Masculinity/femininity. This is a slightly confusing term, for Hofstede was not referring to gender but rather to personal goals and desires. ‘Masculine’ societies are very goal-oriented and workers and managers will focus on things such as salary, promotion and status. In ‘feminine’ societies, by contrast, there is more of a focus on quality of life and on relationships. 

It will probably come as no surprise that in Hofstede’s survey, Americans were described as low on power distance and uncertainty avoidance, strongly individualist and strongly ‘masculine’, whereas Chinese were almost the exact opposite. (Equally unsurprising, Britons scored somewhere in the middle). Hofstede’s dimensions are a crude tool, and within each society there is room for limitless variation, regional, local and personal. But they do help us to get a fix on what it is that makes cultures different. It is a very good idea, before moving into a new market or a new operating environment, to use Hofstede’s framework or something similar in order to develop an understanding of what makes that culture tick.


Why? Because if we understand these things, then we begin to understand how other people’s ‘software’ works and can make necessary adjustments to the ways that we manage.
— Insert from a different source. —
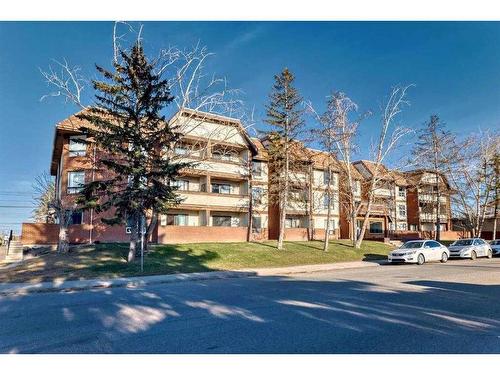 312-1712 38 Street Se, Calgary, AB - Outdoor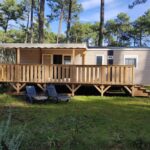 Terrasse en bois et transats dans la pinède du Superbe mobil-home à Seignosse plage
Take the case of power distance. Britain is a relatively low power distance society; we tend to be rather independent and not always accepting of authority. This is not the case in most East Asian societies, which are strongly hierarchical. Workers in Japan, China, Korea and elsewhere do not just accept authority; they expect their bosses to demonstrate their authority. In Britain it is now quite common for companies to consult with their employees before making major strategic decisions. But if we were to try to do this in China, our employees would be stunned. They might even begin to lose confidence in us as managers. We are the bosses; we are the ones paid to make decisions, not them. So why are we asking them?


In high power distance societies too, it is accepted that there is a reciprocal responsibility. Writers on ‘Confucian’ management systems such as Michael Bond and Min Chen have pointed out that while workers are expected to work hard and obey orders, the employer also has a responsibility for the workers and their well-being. Nor does this end when the factory gates close or the office door is locked. There are numerous stories of workers knocking on their bosses’ doors in the evening or hunting them down on the golf course at the weekend to lay out their personal financial or marital troubles and seek advice. It is expected that the boss will set aside his or her own time and help. That is part of the responsibility that comes with power.


We could go on for some time, but the point should hopefully be clear. When managing people from other cultures, it is vitally important to put aside preconceptions about how people should be managed. Instead, it is necessary to try to get inside other people’s heads. How do they think? What are their views on society, leadership, organisation? What do they expect? Then throw away the rulebooks about how to manage people here at home, and manage people as they expect to be managed.


In The Balanced Scorecard, Robert Kaplan and David Norton maintained that ‘you cannot manage what you cannot measure’. Here we can put it slightly differently: ‘you cannot manage what you cannot understand’. It is hard to measure culture in any meaningful way, but it is nevertheless there, omnipresent. And understanding the mental frameworks of other cultures is absolutely essential to managing successfully in them.